Belgian racing driver (born 2005)

Matisse Lismont (born 10 January 2005) is a Belgian racing driver who competes for Team WRT in GT World Challenge Europe.

Lismont is a member of A14 Management, overseen by two-time Formula One world champion Fernando Alonso.

== Career ==
Born in Leuven, Lismont initially began his career in motocross events, but after a trackday experience at Spa in 2021, he took on car racing on a full-time basis. Competing in the VW Fun Cup in 2022, Lismont finished third in the Pure class standings, before returning the following year and scoring a handful of podiums. During 2023, Lismont also raced for PK Carsport in Belcar, most notably winning the 24 Hours of Zolder in the TA class.

Making his GT3 debut in 2024, Lismont joined Comtoyou Racing to compete in a dual campaign in both the GT World Challenge Europe Endurance and Sprint Cups, as a candidate for the Aston Martin Racing Driver Academy. In the Endurance Cup, Lismont mostly raced in the Silver Cup, in which he scored a lone podium at Jeddah, as well as taking a Gold Cup podium in a one-off class appearance at Monza. Competing in the Gold Cup throughout the entire Sprint Cup season, Lismont took a best overall result of 11th at Barcelona and finished fifth in the class standings at season's end. During 2024, Lismont also finished third in International GT Open's Spa 500 for Comtoyou and won on his NLS debut in the BMW M2 CS class with the same team.

At the beginning of 2025, Lismont remained with Comtoyou to compete in the Dubai 24 Hour and select rounds of the GT Winter Series.
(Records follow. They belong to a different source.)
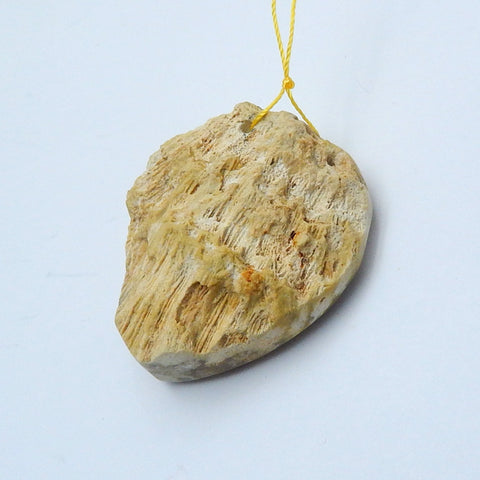 Natural Indonesian Fossil Coral Drilled Heart Pendant Bead, 44x43x16mm, 34.8g - MyGemGarden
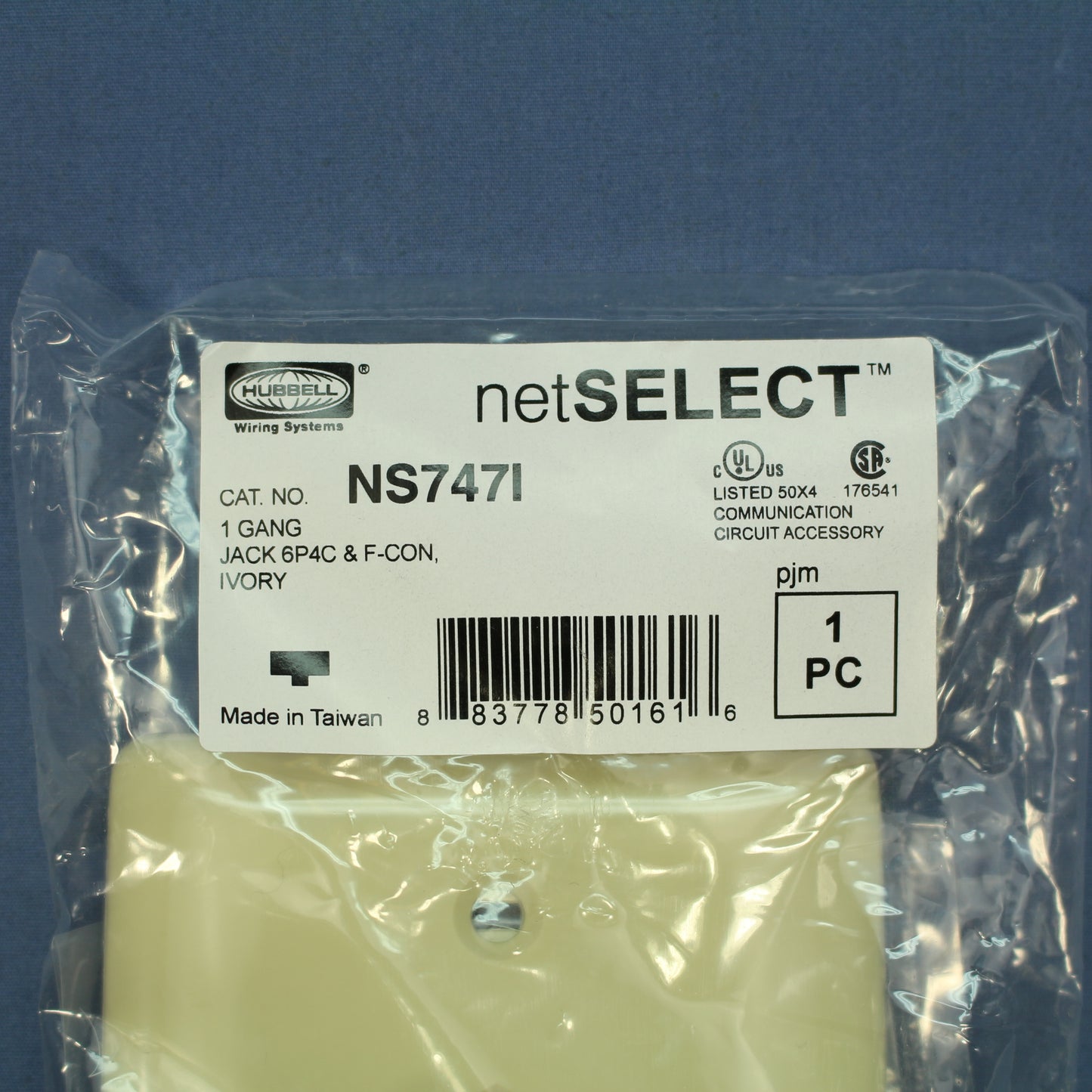 Hubbell NS747I Ivory 1-Gang Coax Phone, Unbreakable Wallplate Cover Box Mount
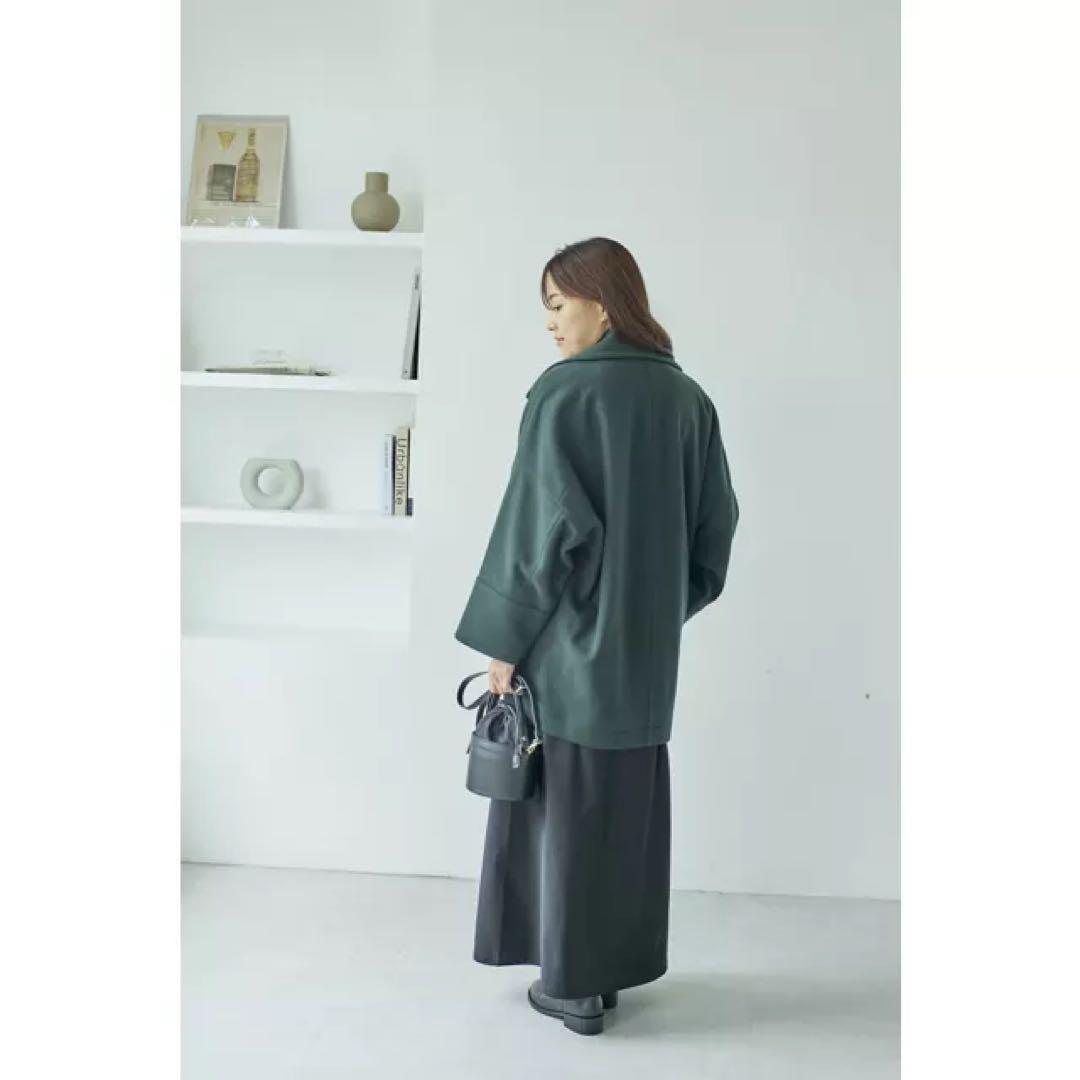 未使用　カレンソロジー　メルトン　コクーン　ピーコート　グリーン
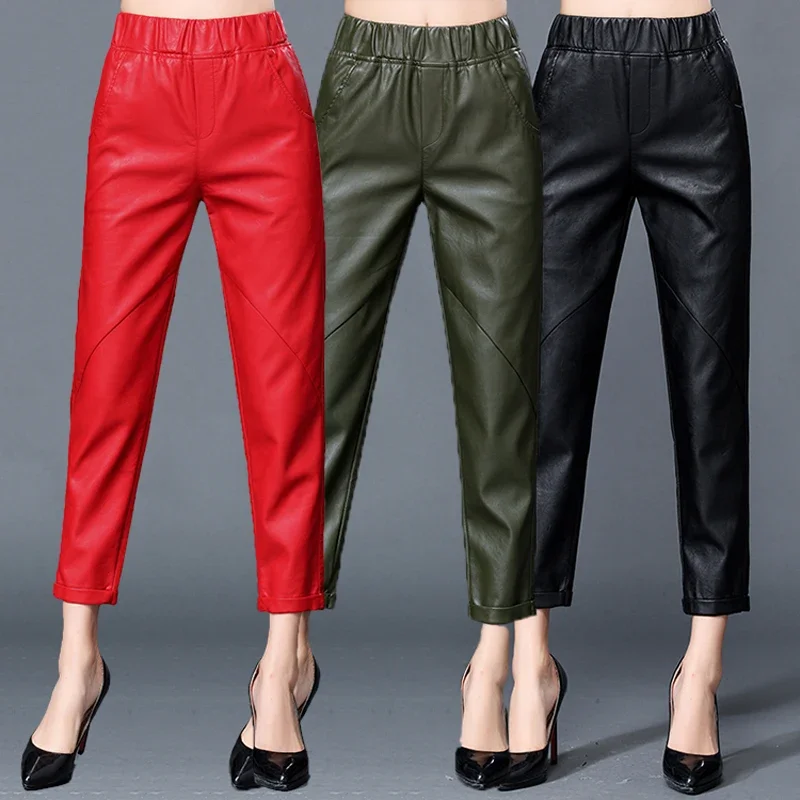 Pantalones de cuero para mujer, pantalón de cintura alta, nueve pies de piel de oveja, holgado, harem de ocio, otoño e invierno, novedad de 2020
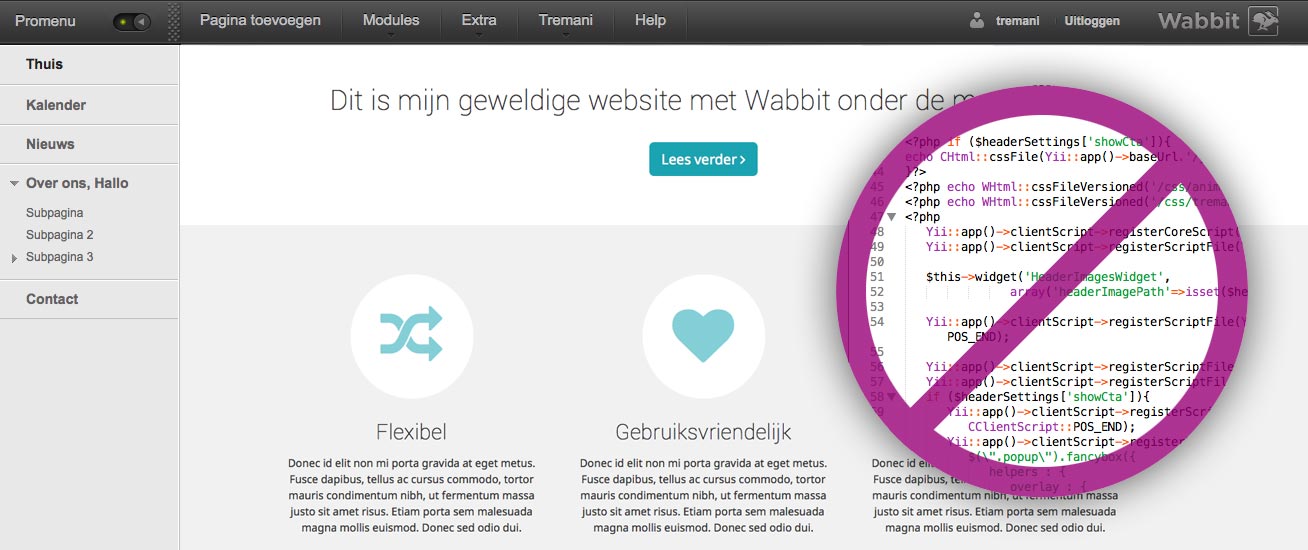 Geen programmeerkennis nodig voor Wabbit cms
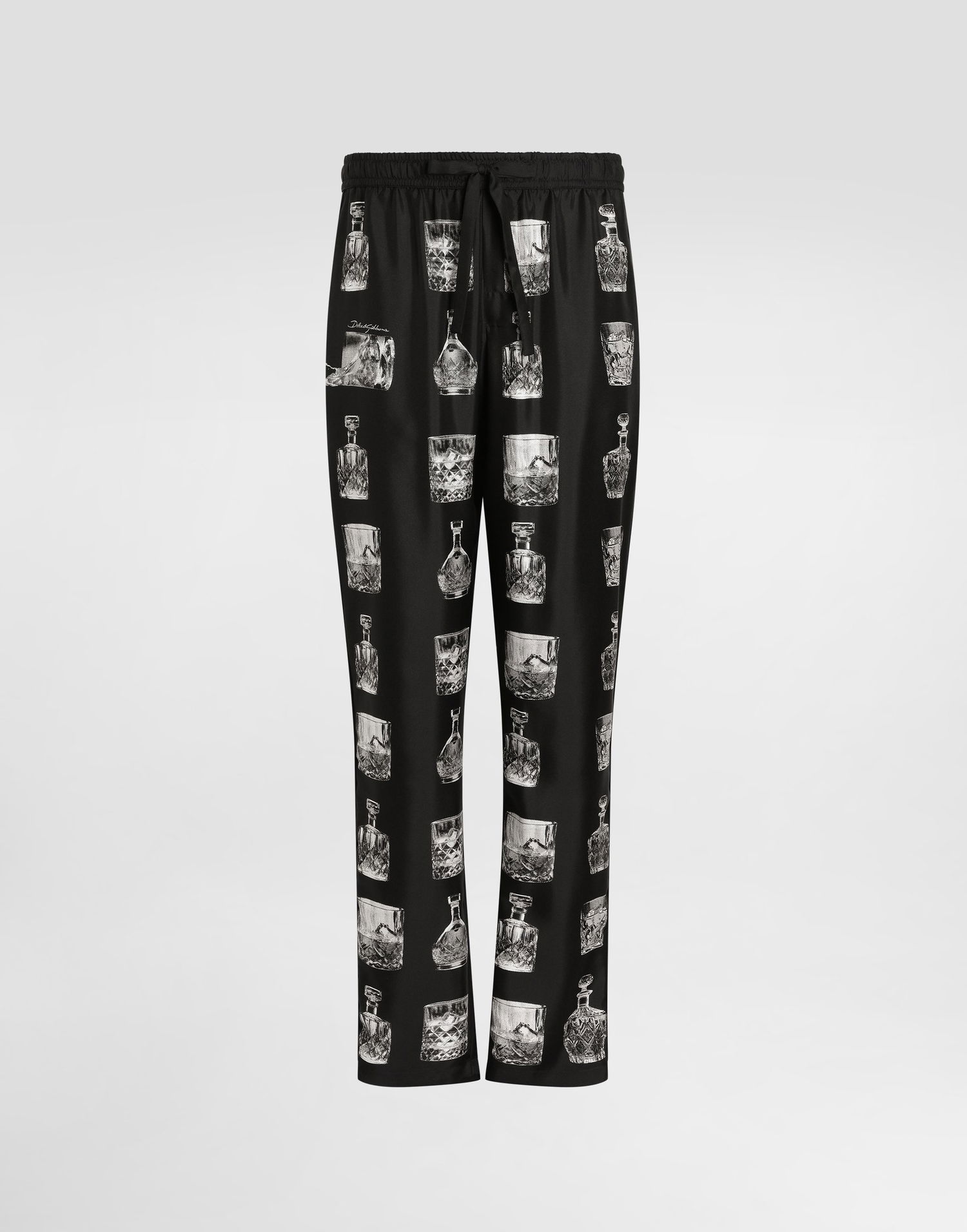 піжами Dolce & Gabbana Silk Pajama Pants With Whiskey Print чорний | GVCRATHI1V0HN5IA, 0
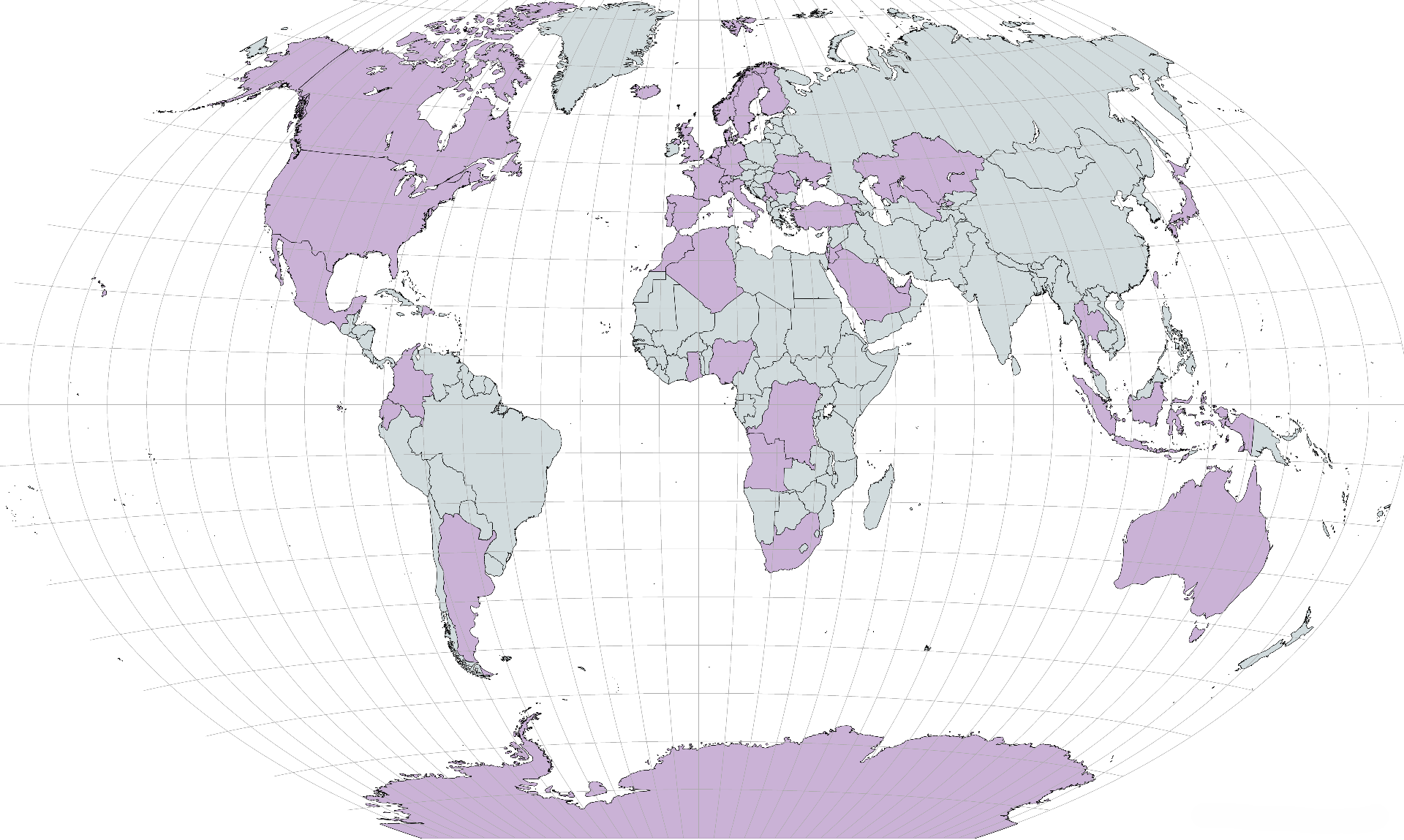 World map highlighting countries where Benji Pauly has done business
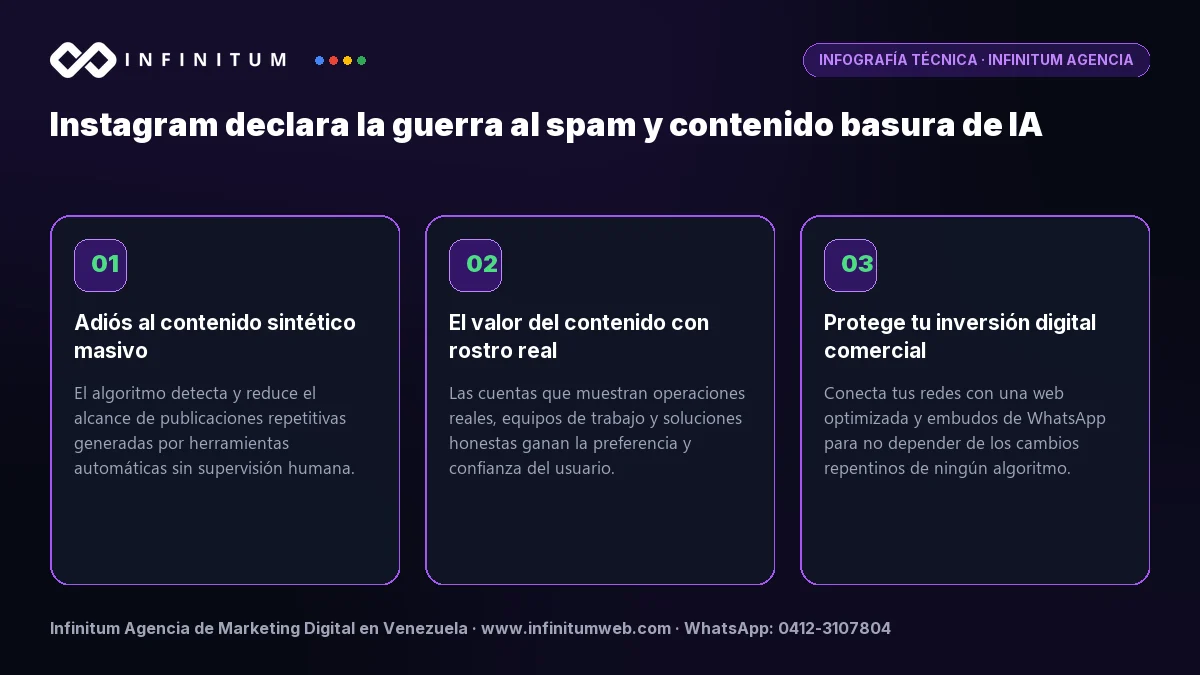 Infografía técnica: Instagram declara la guerra al spam y contenido basura de IA - Claves estratégicas por Infinitum Agencia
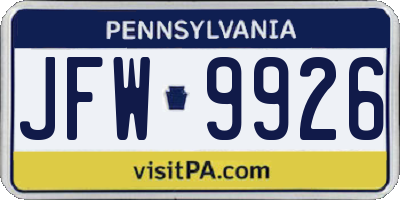 PA license plate JFW9926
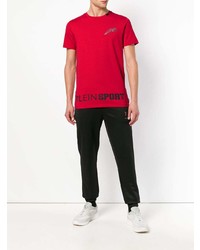 rotes bedrucktes T-Shirt mit einem Rundhalsausschnitt von Plein Sport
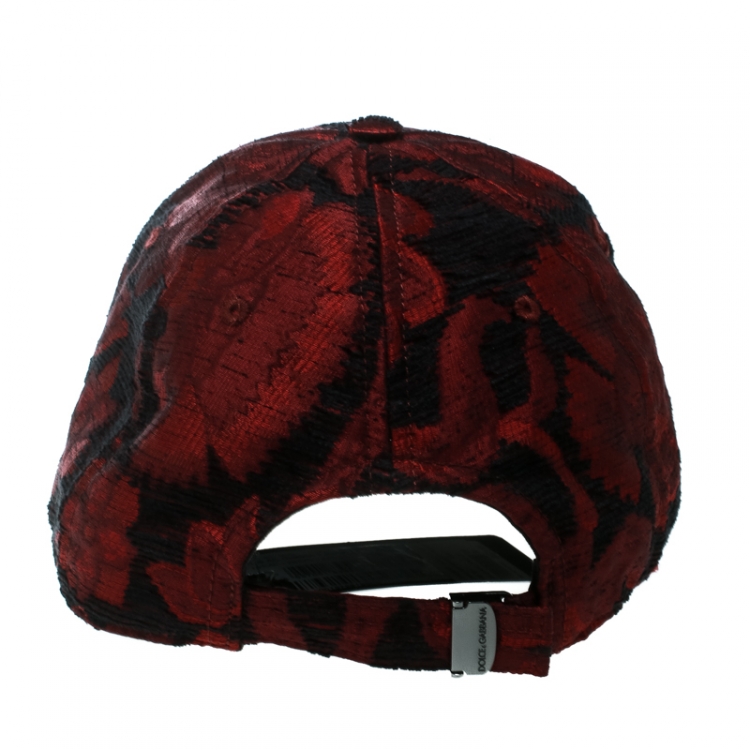 Pre Owned Dolce and Gabbana  Burgundy and Black Rose Jacquard Cap Size 58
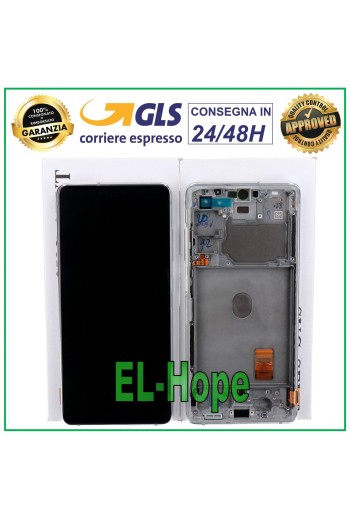 LCD DISPLAY FRAME ORIGINAL SAMSUNG GALAXY S20 FE 5G SM-G781B TOUCH GLASS WHITE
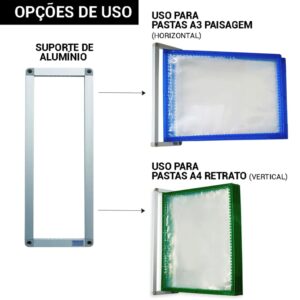 Suporte Aluminio para Pastas A4 Retrato/A3 Paisagem SAPs Modelo Ssuporte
Lismont was then set to continue with the Belgian team for another dual campaign in the GT World Challenge Europe Endurance and Sprint Cups, before switching to Corvette-aligned Steller Motorsport on the eve of the season. Having taken a Silver Cup podium at Le Castellet in the Endurance Cup, Lismont split with Steller after the 24 Hours of Spa due to contractual issues and joined BMW-fielding Team WRT to complete the season. Following the team change, Lismont most notably scored a class win and podium at Valencia in the Sprint Cup to take 11th in the Silver's standings. During 2025, Lismont also won the 12 Hours of Misano overall, as well as finishing second at the 24 Hours of Barcelona with Audi-fielding HAAS RT. Towards the end of the year, Lismont joined EBM for the Sepang round of the 2025–26 Asian Le Mans Series in the GT class, before reuniting with HAAS RT to race at the 2026 Dubai 24 Hour.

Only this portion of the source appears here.